Generate a random ID of the given length.

Parameters:

  • length (int) –

    The length of the ID to generate.

Returns:

  • str

    A random ID of the given length.

Metrics

agentlightning.utils.metrics.MetricsBackend

Abstract base class for metrics backends.

has_prometheus()

Check if the backend has prometheus support.

inc_counter(name, amount=1.0, labels=None) async

Increments a registered counter.

Parameters:

  • name (str) –

    Metric name (must be registered as a counter).

  • amount (float, default: 1.0 ) –

    Increment amount.

  • labels (Optional[LabelDict], default: None ) –

    Label values.

Raises:

  • ValueError

    If the metric is not registered, has the wrong type, or label keys do not match the registered label names.
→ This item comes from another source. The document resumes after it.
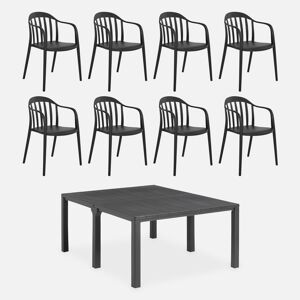 sweeek Table de jardin rectangulaire 3 en 1 en resine de synthese graphite + 8 fauteuils empilables - Graphite
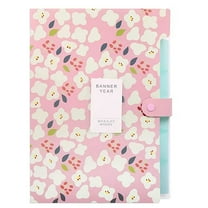 Expanding File Folders with 8 Pockets, Floral Printed Accordion Document Folder Organizer with Snap Closure, A4 Letter Size,Plastic File Folder with Pockets,for Office Supplies,Pink,12.76x9.29"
observe_histogram(name, value, labels=None) async

Records an observation for a registered histogram.

Parameters:

  • name (str) –

    Metric name (must be registered as a histogram).

  • value (float) –

    Observed value.

  • labels (Optional[LabelDict], default: None ) –

    Label values.

Raises:

  • ValueError

    If the metric is not registered, has the wrong type, or label keys do not match the registered label names.

register_counter(name, label_names=None, group_level=None)

Registers a counter metric.

Parameters:

  • name (str) –

    Metric name.

  • label_names (Optional[Sequence[str]], default: None ) –

    List of label names. Order determines the truncation priority for group-level logging.

  • group_level (Optional[int], default: None ) –

    Optional per-metric grouping depth for backends that support label grouping (Console). Global backend settings take precedence when provided.

Raises:

  • ValueError

    If the metric is already registered with a different type or label set.

register_histogram(name, label_names=None, buckets=None, group_level=None)

Registers a histogram metric.

Parameters:

  • name (str) –

    Metric name.

  • label_names (Optional[Sequence[str]], default: None ) –

    List of label names. Order determines the truncation priority for group-level logging.

  • buckets (Optional[Sequence[float]], default: None ) –

    Bucket boundaries (exclusive upper bounds). If None, the backend may choose defaults.

  • group_level (Optional[int], default: None ) –

    Optional per-metric grouping depth for backends that support label grouping (Console). Global backend settings take precedence when provided.

Raises:

  • ValueError

    If the metric is already registered with a different type or label set.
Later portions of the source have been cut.